• **Your goal**: Write out precisely the lines beginning with the line that contains "The hood release" and ending with the last line of the entries, and no other lines.

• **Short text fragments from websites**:
--- START ---
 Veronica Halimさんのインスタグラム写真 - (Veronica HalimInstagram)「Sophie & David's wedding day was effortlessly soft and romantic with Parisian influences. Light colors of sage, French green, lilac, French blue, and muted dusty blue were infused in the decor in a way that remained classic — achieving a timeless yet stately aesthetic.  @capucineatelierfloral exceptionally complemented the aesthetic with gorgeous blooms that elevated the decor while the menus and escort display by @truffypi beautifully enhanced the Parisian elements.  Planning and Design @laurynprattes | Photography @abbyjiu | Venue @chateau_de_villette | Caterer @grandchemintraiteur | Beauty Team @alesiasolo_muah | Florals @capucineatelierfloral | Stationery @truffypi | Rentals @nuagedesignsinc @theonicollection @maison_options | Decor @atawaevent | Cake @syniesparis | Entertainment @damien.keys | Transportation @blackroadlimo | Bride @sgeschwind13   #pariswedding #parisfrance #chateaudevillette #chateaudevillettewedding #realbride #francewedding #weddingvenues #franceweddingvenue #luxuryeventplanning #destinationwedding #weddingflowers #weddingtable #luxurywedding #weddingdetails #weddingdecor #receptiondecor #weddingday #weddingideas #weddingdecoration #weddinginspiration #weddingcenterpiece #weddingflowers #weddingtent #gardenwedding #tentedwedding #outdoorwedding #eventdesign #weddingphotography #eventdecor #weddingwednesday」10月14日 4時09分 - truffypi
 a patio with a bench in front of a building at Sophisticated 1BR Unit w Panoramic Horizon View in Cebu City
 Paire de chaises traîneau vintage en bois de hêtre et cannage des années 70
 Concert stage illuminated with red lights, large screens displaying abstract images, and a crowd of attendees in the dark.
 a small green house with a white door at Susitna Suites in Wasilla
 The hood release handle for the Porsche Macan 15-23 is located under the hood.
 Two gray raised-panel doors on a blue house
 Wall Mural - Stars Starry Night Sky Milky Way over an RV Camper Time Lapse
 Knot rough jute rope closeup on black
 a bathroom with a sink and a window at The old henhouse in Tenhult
--- END ---
• **Answer for the task**:
 The hood release handle for the Porsche Macan 15-23 is located under the hood.
 Two gray raised-panel doors on a blue house
 Wall Mural - Stars Starry Night Sky Milky Way over an RV Camper Time Lapse
 Knot rough jute rope closeup on black
 a bathroom with a sink and a window at The old henhouse in Tenhult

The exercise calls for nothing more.